## Work instructions
Repeat every line of the data exactly; no picture belongs in the copy.

(Beginning of Input data)

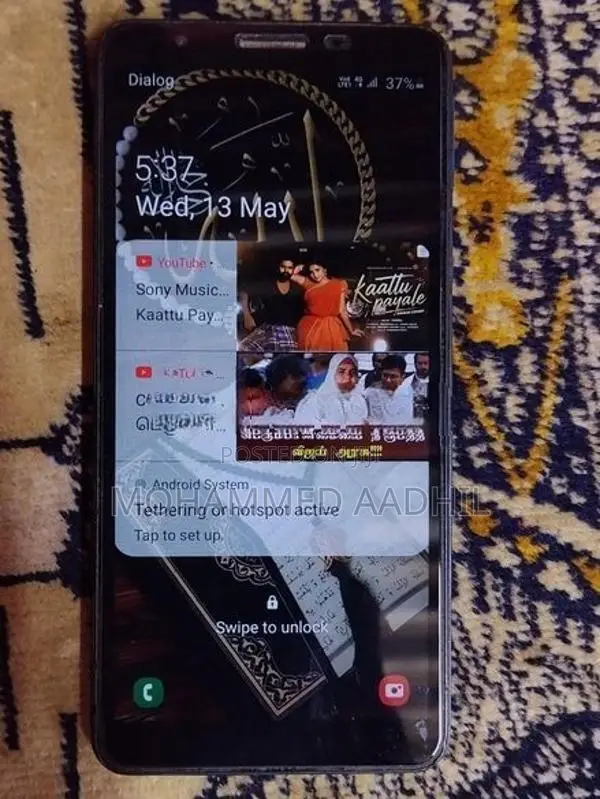 Samsung Galaxy M01 Core 2GB 16GB (Used)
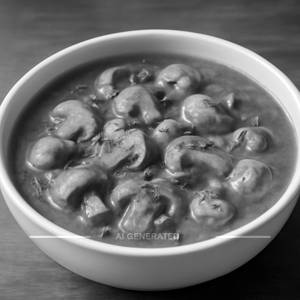 Mushroom Masala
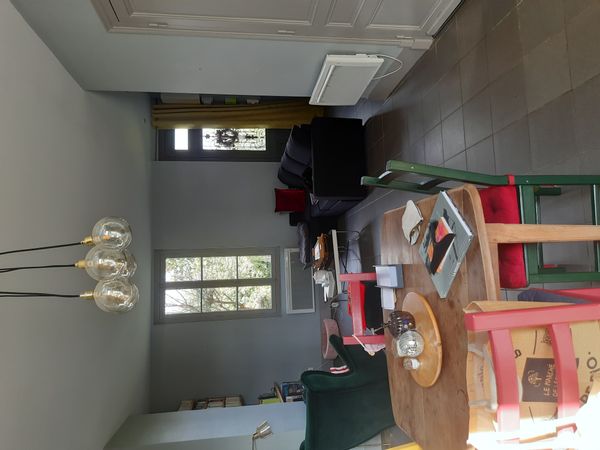 La maison de Céline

(End of Input data)

## Written reply
 Samsung Galaxy M01 Core 2GB 16GB (Used)
 Mushroom Masala
 La maison de Céline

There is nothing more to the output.